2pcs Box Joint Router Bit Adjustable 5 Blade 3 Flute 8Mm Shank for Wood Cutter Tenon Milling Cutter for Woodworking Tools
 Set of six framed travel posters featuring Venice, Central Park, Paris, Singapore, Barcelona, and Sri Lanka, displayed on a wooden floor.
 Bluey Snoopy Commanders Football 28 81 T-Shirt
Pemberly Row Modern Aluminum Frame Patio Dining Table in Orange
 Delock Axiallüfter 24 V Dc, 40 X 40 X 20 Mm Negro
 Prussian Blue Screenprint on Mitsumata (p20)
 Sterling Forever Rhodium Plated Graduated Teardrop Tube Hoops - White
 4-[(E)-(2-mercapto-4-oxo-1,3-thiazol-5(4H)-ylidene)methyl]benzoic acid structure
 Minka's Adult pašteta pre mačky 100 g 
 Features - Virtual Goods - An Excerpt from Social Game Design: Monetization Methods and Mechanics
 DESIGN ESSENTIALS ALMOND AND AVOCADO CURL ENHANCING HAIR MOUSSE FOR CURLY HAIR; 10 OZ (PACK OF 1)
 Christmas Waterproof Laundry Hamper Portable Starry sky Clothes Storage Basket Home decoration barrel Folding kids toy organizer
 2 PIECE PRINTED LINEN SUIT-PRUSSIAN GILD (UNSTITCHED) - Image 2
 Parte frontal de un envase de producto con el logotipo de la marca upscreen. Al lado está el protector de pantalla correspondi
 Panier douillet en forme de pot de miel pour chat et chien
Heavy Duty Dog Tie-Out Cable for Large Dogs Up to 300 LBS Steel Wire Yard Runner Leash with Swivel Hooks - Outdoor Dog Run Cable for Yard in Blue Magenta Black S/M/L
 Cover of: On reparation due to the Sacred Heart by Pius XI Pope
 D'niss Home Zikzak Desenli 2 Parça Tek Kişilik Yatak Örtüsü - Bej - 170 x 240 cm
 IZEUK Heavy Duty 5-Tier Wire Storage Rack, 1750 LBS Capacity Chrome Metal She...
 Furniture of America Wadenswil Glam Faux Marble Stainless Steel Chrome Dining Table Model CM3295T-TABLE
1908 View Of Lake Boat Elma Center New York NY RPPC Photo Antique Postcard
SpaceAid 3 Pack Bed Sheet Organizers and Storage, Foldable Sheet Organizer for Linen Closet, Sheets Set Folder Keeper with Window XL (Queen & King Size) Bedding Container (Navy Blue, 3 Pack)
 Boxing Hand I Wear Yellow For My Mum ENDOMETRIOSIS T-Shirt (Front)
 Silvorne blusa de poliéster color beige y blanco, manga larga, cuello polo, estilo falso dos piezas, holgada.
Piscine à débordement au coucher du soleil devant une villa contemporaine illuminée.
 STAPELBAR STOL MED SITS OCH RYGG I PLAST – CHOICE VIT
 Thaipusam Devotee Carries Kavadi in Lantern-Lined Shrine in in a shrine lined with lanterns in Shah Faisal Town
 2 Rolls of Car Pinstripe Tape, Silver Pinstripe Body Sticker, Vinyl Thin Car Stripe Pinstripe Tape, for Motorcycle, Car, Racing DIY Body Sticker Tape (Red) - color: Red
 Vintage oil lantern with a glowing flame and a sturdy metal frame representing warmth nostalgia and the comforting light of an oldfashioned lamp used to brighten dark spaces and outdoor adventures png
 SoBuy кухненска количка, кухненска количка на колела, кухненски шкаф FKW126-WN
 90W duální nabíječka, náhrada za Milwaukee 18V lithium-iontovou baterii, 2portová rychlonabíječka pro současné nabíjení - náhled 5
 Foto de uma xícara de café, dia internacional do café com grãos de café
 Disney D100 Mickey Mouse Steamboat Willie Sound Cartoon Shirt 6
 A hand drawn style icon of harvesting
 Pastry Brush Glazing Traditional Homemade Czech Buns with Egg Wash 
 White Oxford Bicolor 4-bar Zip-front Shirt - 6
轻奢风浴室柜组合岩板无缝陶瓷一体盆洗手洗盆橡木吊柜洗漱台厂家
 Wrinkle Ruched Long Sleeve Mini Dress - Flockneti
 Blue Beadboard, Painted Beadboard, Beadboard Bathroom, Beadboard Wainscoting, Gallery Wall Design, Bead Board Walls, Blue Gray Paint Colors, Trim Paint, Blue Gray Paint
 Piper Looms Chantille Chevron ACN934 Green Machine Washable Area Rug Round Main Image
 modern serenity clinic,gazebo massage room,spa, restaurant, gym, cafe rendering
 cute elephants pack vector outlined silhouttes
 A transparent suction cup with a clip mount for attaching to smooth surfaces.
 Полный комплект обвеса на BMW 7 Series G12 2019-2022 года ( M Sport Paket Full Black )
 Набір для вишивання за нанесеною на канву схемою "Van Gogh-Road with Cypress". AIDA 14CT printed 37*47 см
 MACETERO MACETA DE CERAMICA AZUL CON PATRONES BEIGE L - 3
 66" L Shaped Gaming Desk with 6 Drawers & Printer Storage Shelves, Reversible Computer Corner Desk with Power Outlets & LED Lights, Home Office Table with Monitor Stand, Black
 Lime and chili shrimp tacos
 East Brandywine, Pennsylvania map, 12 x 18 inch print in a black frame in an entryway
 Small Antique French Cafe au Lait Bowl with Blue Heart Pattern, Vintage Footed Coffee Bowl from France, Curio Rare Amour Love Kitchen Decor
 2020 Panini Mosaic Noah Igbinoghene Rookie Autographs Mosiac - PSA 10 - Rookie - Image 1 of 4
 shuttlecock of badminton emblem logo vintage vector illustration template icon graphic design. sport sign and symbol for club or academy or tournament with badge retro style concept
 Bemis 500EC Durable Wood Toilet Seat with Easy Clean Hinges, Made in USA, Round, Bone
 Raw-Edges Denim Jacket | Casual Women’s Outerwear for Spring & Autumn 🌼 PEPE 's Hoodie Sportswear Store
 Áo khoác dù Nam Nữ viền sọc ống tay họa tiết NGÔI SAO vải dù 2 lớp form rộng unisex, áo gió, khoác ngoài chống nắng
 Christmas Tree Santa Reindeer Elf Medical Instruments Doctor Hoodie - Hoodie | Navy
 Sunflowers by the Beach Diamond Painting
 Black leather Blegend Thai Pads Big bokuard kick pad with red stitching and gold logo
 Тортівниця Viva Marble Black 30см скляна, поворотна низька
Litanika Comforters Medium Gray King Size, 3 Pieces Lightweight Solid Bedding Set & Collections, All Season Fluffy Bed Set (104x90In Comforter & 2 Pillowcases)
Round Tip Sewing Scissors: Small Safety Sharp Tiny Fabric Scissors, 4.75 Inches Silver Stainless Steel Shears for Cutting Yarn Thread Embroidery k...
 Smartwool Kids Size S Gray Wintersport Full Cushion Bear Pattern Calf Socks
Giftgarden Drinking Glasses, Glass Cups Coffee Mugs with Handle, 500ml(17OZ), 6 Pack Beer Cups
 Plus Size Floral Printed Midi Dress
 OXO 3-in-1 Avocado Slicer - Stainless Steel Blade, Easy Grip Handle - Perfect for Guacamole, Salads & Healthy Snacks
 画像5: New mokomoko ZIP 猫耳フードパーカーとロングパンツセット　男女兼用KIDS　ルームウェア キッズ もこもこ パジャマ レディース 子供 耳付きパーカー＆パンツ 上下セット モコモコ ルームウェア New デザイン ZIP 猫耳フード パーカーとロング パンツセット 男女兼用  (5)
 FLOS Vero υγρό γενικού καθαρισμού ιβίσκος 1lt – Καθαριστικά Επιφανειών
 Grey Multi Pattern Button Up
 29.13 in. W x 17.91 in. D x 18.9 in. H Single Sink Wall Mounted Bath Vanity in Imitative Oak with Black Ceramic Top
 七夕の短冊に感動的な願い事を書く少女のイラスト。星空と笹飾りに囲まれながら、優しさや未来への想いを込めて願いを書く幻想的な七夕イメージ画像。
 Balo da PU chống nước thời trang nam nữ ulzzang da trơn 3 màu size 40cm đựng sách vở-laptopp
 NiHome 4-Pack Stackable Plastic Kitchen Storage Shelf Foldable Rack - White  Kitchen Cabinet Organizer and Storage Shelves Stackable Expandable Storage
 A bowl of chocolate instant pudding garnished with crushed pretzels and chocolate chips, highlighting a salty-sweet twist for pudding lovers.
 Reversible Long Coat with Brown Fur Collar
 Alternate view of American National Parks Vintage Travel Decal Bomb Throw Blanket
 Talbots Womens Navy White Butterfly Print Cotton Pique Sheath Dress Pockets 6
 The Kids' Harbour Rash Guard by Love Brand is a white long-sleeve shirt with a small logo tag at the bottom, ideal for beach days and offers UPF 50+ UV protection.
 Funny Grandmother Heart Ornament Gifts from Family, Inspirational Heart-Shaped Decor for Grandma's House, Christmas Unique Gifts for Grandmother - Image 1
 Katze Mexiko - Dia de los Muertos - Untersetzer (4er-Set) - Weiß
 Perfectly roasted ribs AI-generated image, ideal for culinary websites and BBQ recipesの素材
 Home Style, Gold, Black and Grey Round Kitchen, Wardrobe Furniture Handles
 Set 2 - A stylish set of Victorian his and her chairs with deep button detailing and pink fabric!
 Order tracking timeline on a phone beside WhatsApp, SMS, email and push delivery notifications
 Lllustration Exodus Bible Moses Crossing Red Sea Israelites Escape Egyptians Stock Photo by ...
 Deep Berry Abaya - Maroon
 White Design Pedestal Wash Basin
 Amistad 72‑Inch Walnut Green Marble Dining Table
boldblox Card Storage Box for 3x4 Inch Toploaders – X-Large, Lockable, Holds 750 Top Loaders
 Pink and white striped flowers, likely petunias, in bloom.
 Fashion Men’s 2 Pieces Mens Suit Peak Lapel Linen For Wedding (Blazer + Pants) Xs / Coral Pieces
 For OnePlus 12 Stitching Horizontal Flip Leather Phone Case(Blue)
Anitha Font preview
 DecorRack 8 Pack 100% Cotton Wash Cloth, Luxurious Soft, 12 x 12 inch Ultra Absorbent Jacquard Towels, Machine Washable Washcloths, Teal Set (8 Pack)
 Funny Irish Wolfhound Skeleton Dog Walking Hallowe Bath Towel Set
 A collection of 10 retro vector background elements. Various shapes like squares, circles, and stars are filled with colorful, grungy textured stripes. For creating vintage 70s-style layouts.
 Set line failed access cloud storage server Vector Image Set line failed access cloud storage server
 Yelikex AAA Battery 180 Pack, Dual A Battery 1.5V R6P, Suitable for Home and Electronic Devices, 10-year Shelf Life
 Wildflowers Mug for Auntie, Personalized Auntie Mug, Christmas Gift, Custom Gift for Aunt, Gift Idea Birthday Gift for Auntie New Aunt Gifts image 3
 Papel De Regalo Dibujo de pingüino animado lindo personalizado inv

--------------------------------

* EXERCISE PROMPT
The entries above hold a line with "Prussian Blue Screenprint on Mitsumata (p20)" and a later line with "Panier douillet en". Write out exactly those lines and all lines between, nothing more.

* EXERCISE RESPONSE
 Prussian Blue Screenprint on Mitsumata (p20)
 Sterling Forever Rhodium Plated Graduated Teardrop Tube Hoops - White
 4-[(E)-(2-mercapto-4-oxo-1,3-thiazol-5(4H)-ylidene)methyl]benzoic acid structure
 Minka's Adult pašteta pre mačky 100 g 
 Features - Virtual Goods - An Excerpt from Social Game Design: Monetization Methods and Mechanics
 DESIGN ESSENTIALS ALMOND AND AVOCADO CURL ENHANCING HAIR MOUSSE FOR CURLY HAIR; 10 OZ (PACK OF 1)
 Christmas Waterproof Laundry Hamper Portable Starry sky Clothes Storage Basket Home decoration barrel Folding kids toy organizer
 2 PIECE PRINTED LINEN SUIT-PRUSSIAN GILD (UNSTITCHED) - Image 2
 Parte frontal de un envase de producto con el logotipo de la marca upscreen. Al lado está el protector de pantalla correspondi
 Panier douillet en forme de pot de miel pour chat et chien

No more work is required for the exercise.